DATA EXTRACT:
______

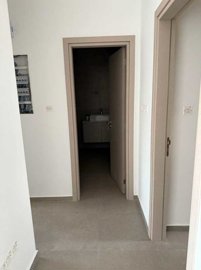 15254144131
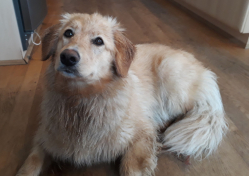 2021-06-23-2019_Emily_2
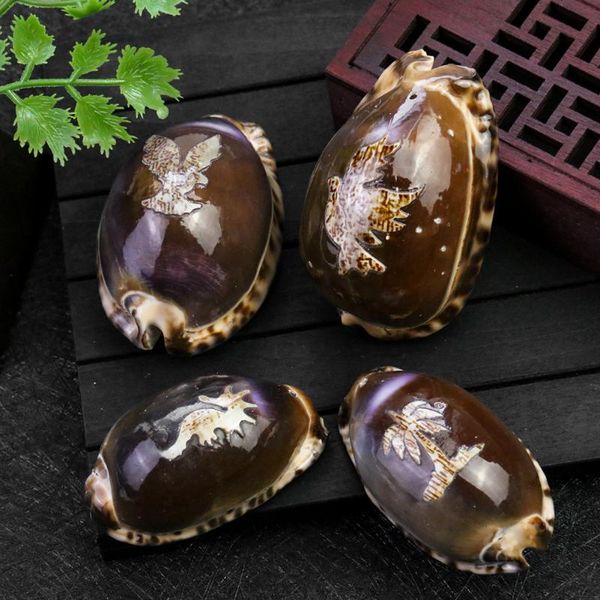 

charms natural conch pendant cameo animal shell eagle coconut tree seahorse diy necklace earrings dangle hanging room decoration, Bronze;silver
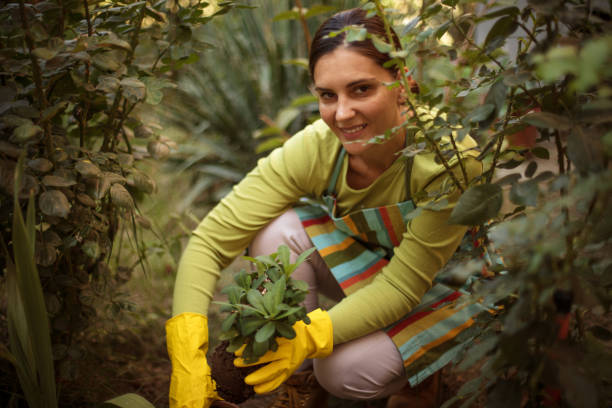 istock Woman working in the garden. 1314905337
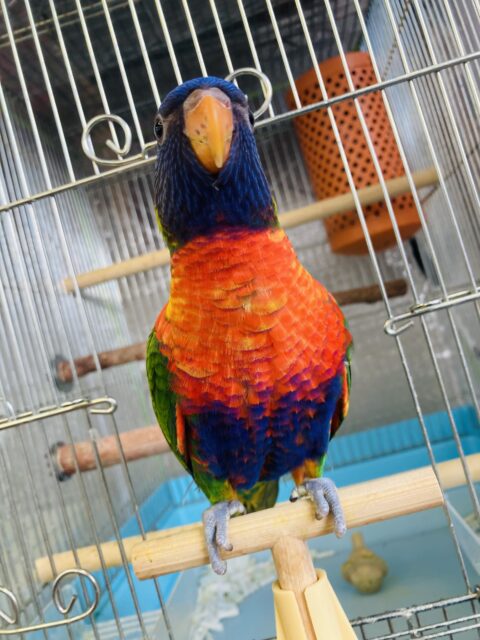 ゴシキセイガイインコ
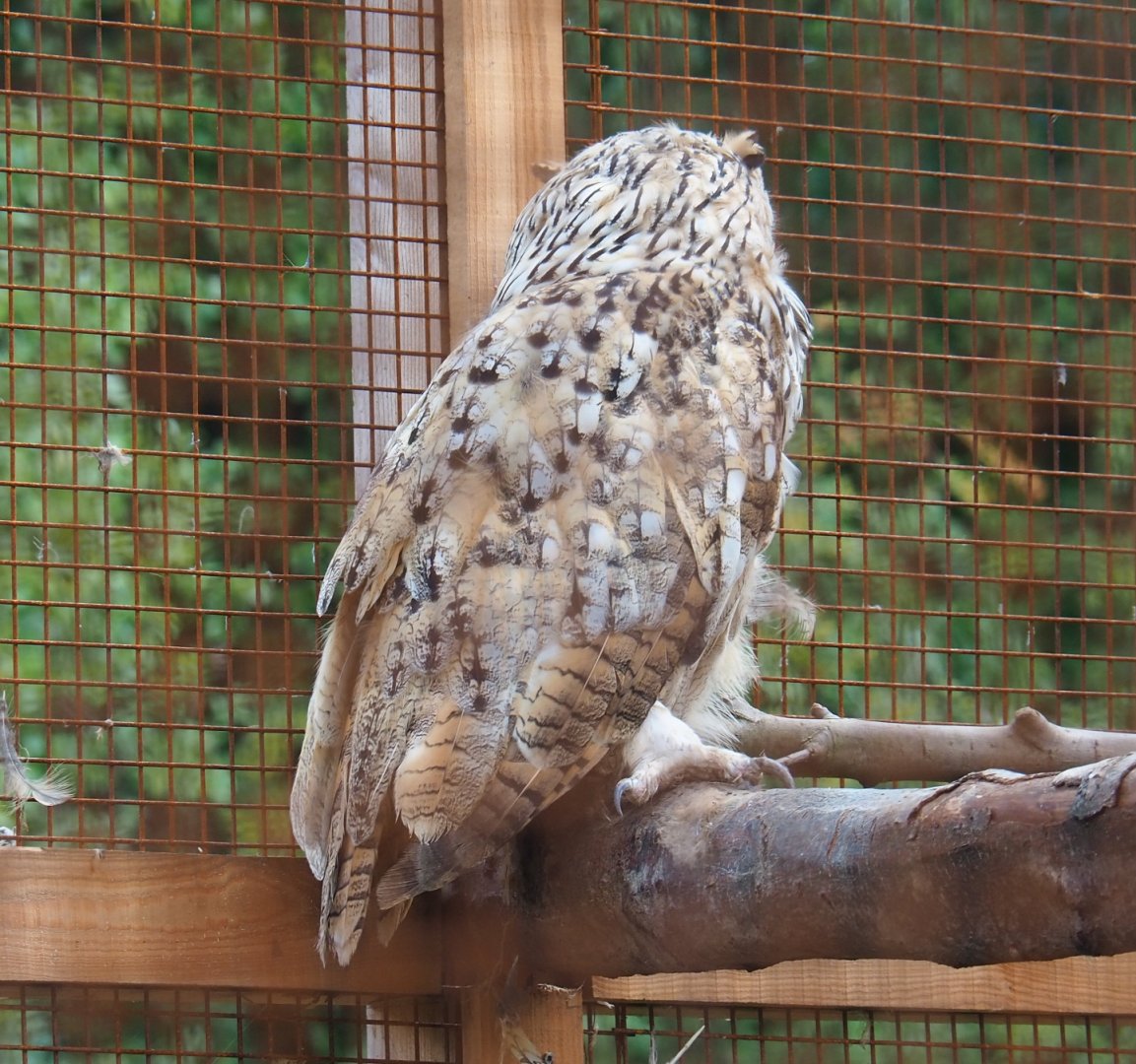 Siberian eagle-owl (Bubo bubo sibiricus)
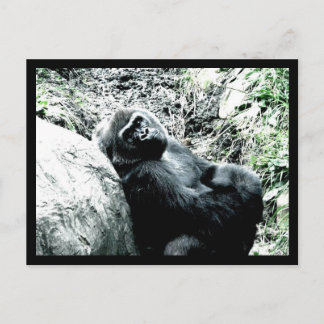 Gorilla Diva Postcard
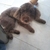 Profile picture small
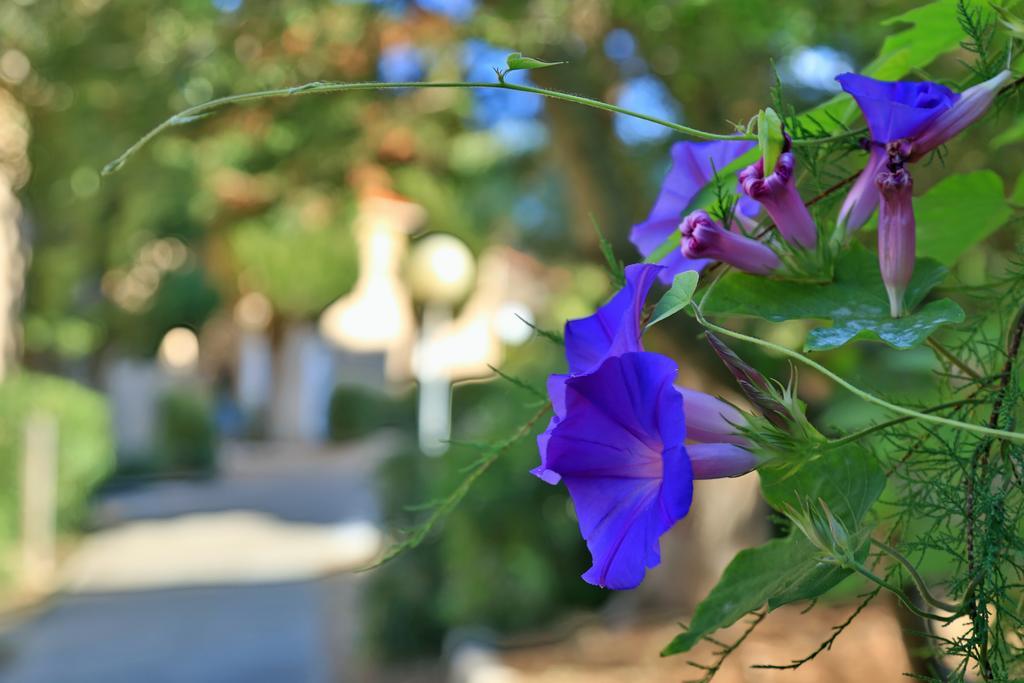 Village De Vacances Paese Di Lava, Grand Ajaccio Alata Dış mekan fotoğraf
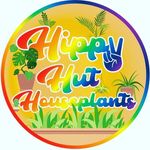 Megan Earls - @hippyhuthouseplants - Instagram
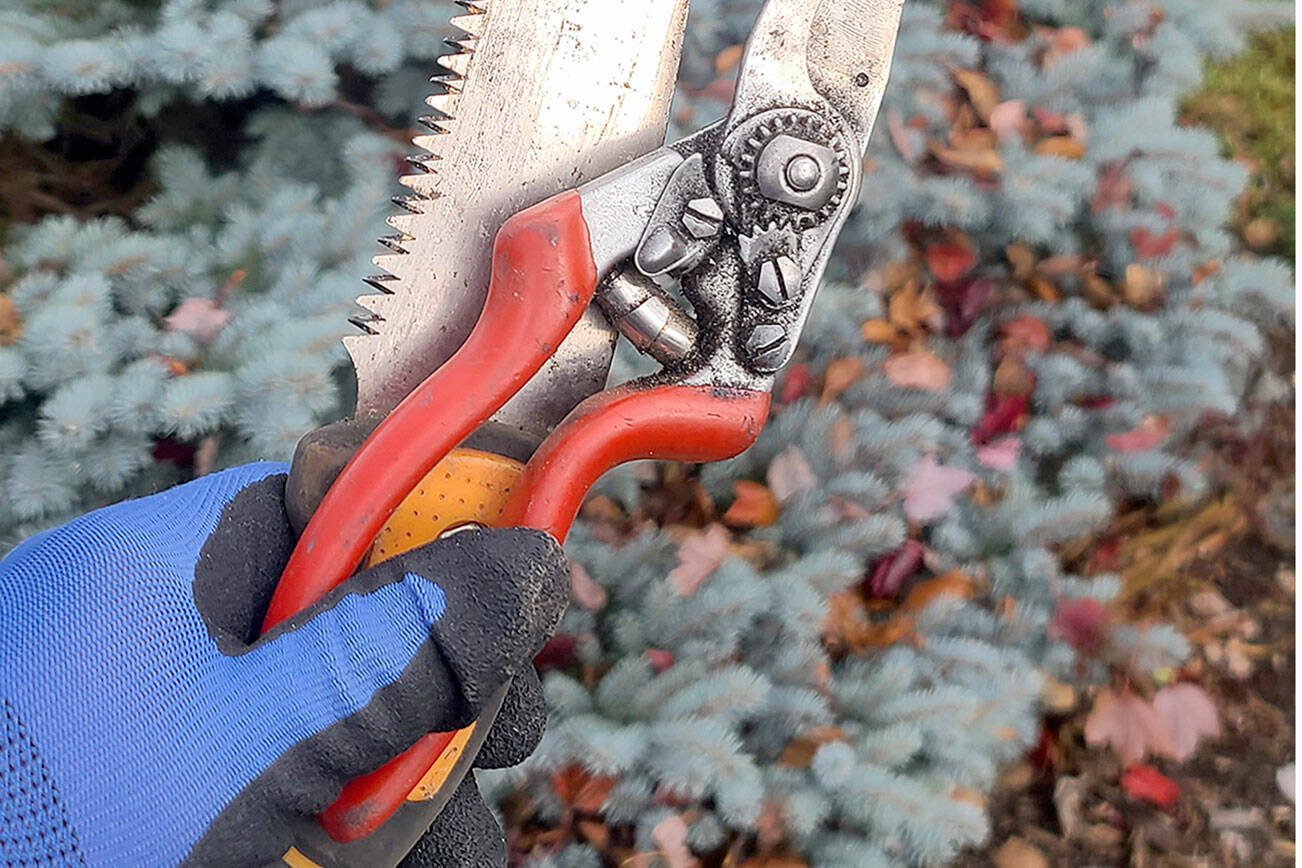 Andrew May/For Peninsula Daily News
Wearing my nice, dry gloves while preparing to prune with my orchard saw and good pruners — vital components as the next several months are the perfect time to prune. They make wonderful gifts.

______

ABOUT THIS TASK:
Please retype exactly the lines from the one containing "Profile picture small" to the last line of the records above, both included, without any pictures.

ANSWER SECTION:
 Profile picture small
 Village De Vacances Paese Di Lava, Grand Ajaccio Alata Dış mekan fotoğraf
 Megan Earls - @hippyhuthouseplants - Instagram
 Andrew May/For Peninsula Daily News
Wearing my nice, dry gloves while preparing to prune with my orchard saw and good pruners — vital components as the next several months are the perfect time to prune. They make wonderful gifts.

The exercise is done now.